Task prompt
For the entries below, copy exactly the line that contains "SWEET NIGHT - Mattress" through the line that contains "TiESFONG 4CH GPS", both ends included, and exclude all pictures.

··· Record extracts ···

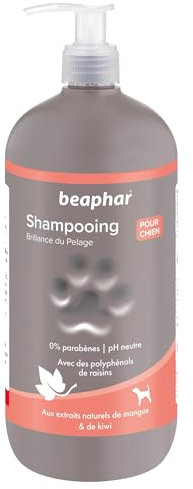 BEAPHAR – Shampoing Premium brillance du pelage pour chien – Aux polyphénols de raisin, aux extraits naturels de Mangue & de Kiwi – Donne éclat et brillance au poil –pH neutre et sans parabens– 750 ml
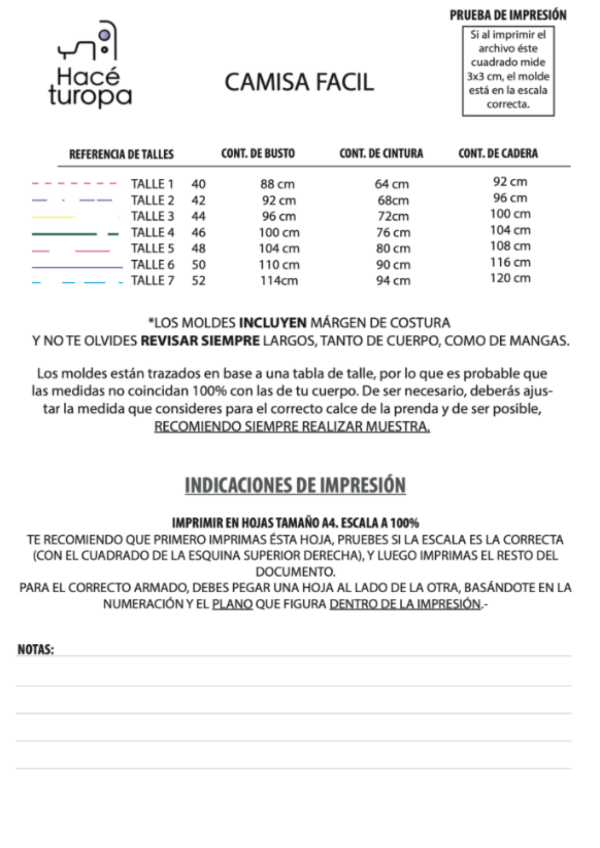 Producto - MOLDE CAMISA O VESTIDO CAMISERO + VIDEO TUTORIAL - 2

···
··· Record extracts ···

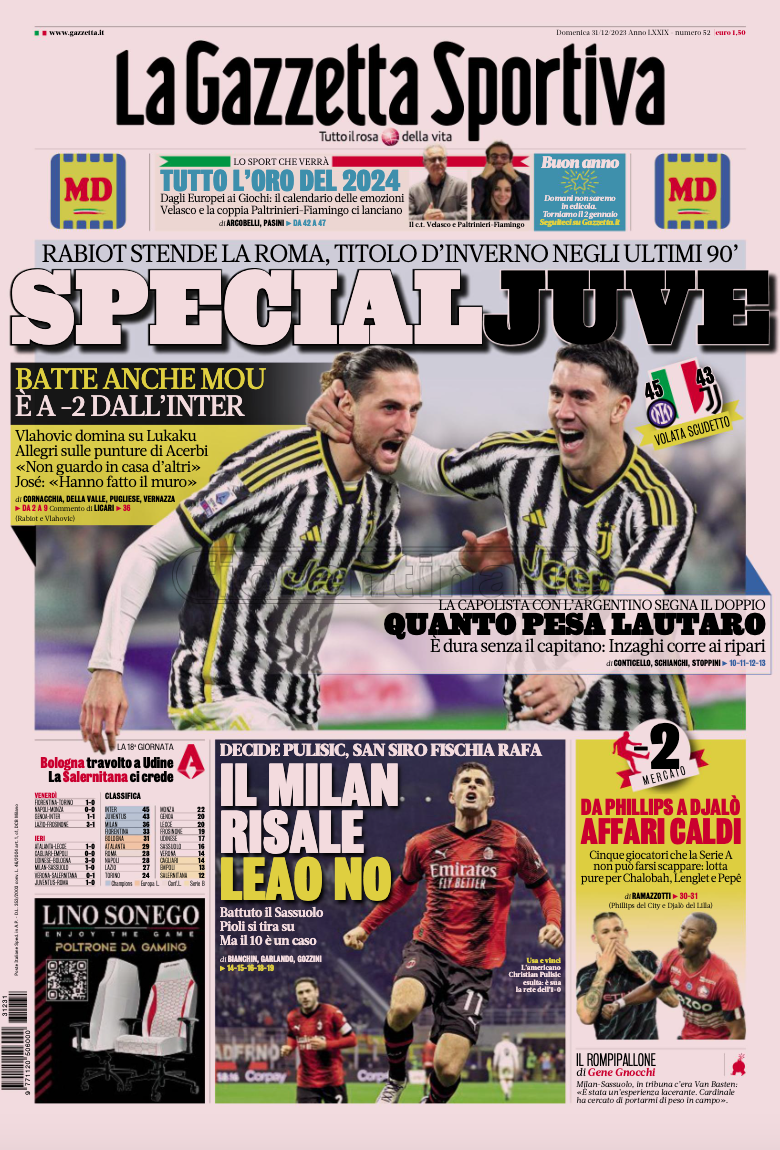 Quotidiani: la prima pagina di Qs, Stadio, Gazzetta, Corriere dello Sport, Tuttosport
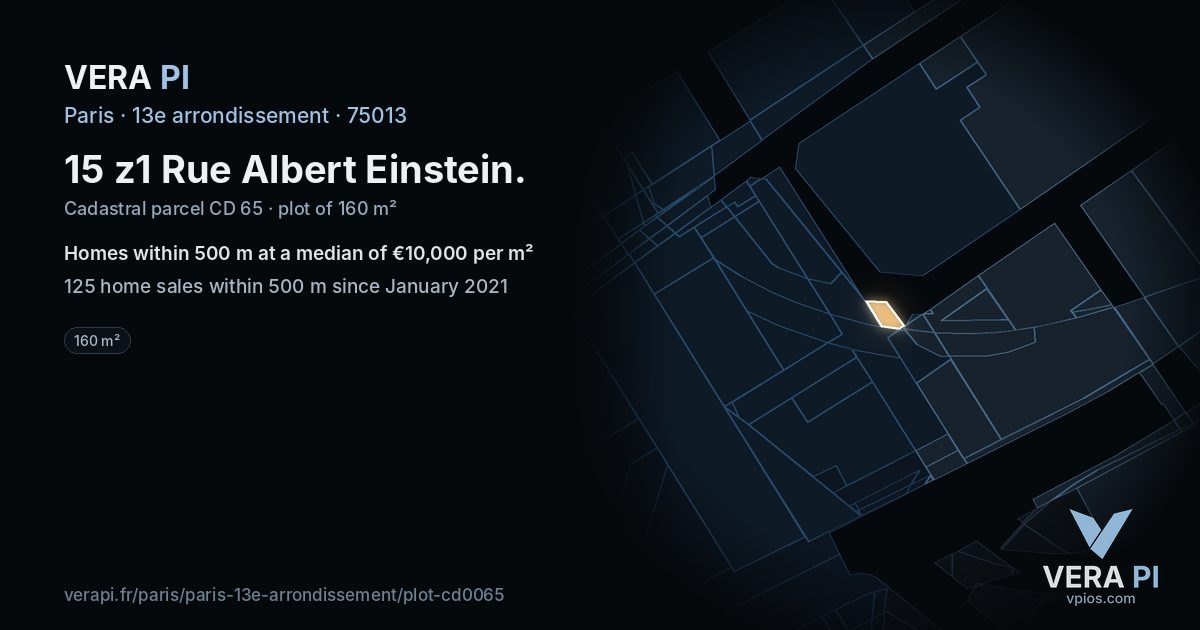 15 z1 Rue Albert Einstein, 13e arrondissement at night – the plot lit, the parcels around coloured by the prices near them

···
··· Record extracts ···

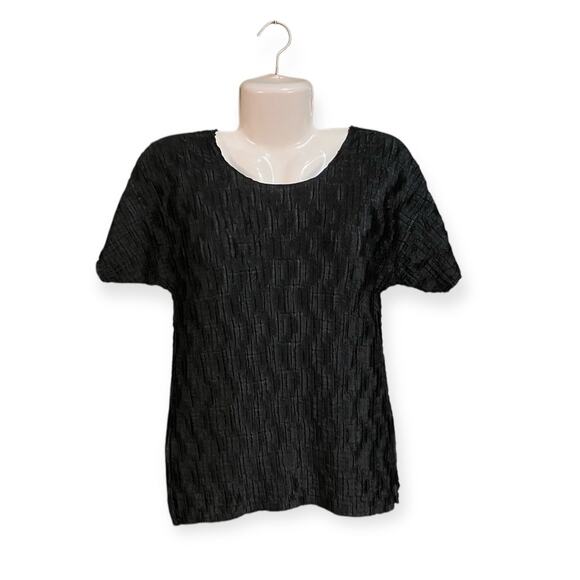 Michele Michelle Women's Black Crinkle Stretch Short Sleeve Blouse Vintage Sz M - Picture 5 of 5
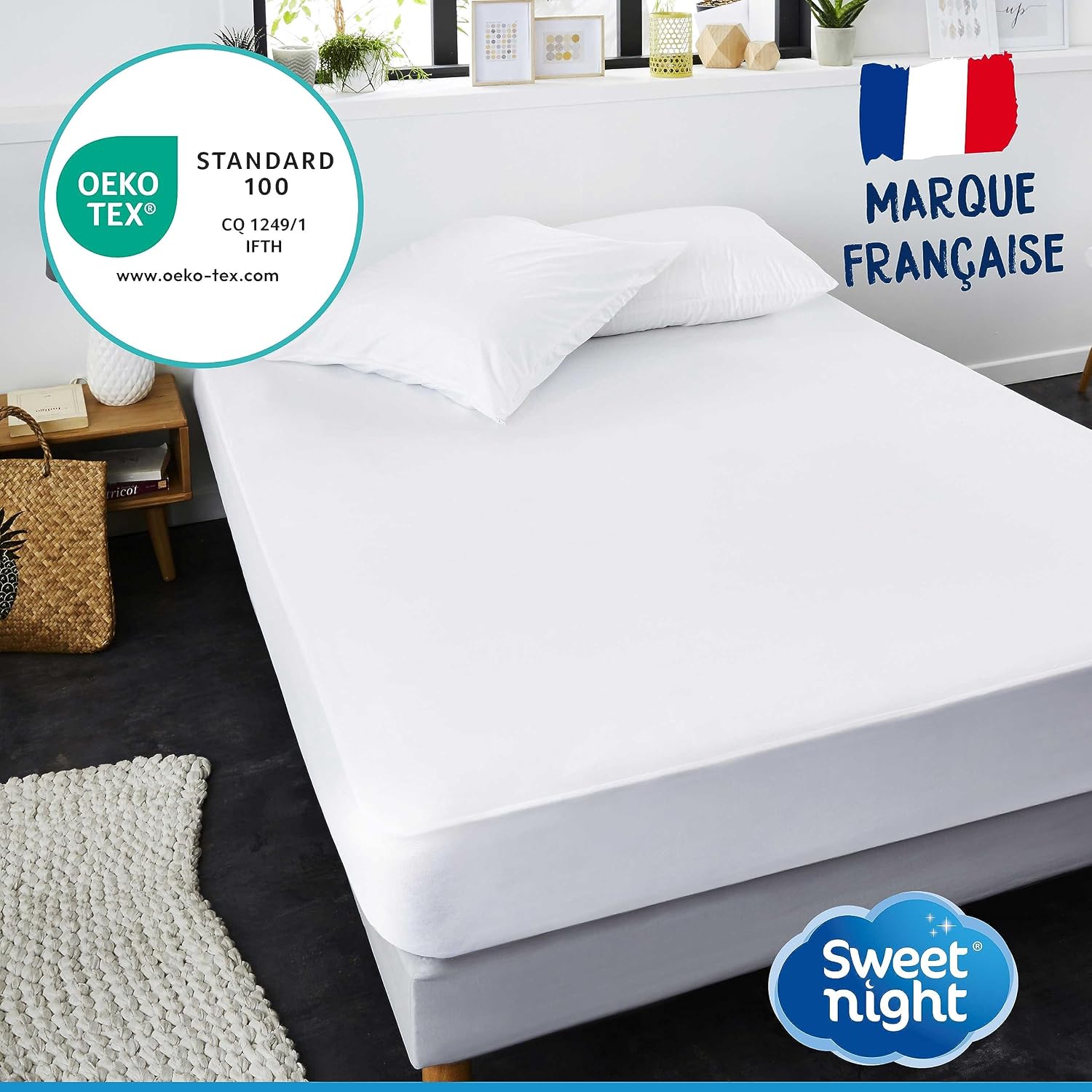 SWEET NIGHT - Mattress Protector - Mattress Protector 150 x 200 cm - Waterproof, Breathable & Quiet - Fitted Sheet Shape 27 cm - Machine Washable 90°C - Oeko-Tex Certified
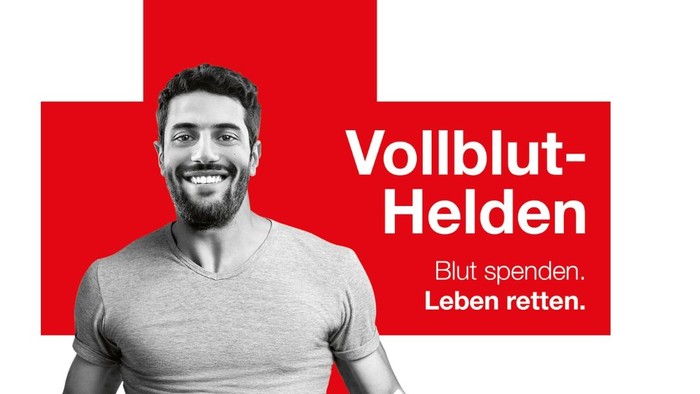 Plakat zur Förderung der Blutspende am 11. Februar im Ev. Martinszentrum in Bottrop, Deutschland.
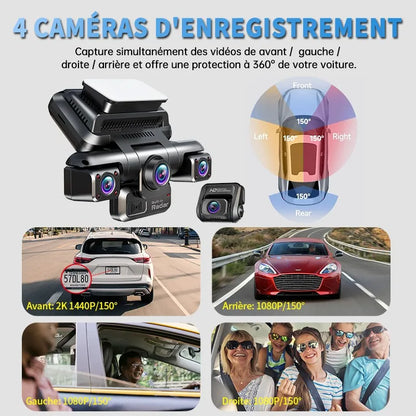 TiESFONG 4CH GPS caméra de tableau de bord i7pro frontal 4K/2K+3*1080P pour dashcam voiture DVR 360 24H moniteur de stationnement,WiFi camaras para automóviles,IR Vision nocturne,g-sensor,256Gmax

···

Response below
 SWEET NIGHT - Mattress Protector - Mattress Protector 150 x 200 cm - Waterproof, Breathable & Quiet - Fitted Sheet Shape 27 cm - Machine Washable 90°C - Oeko-Tex Certified
 Plakat zur Förderung der Blutspende am 11. Februar im Ev. Martinszentrum in Bottrop, Deutschland.
 TiESFONG 4CH GPS caméra de tableau de bord i7pro frontal 4K/2K+3*1080P pour dashcam voiture DVR 360 24H moniteur de stationnement,WiFi camaras para automóviles,IR Vision nocturne,g-sensor,256Gmax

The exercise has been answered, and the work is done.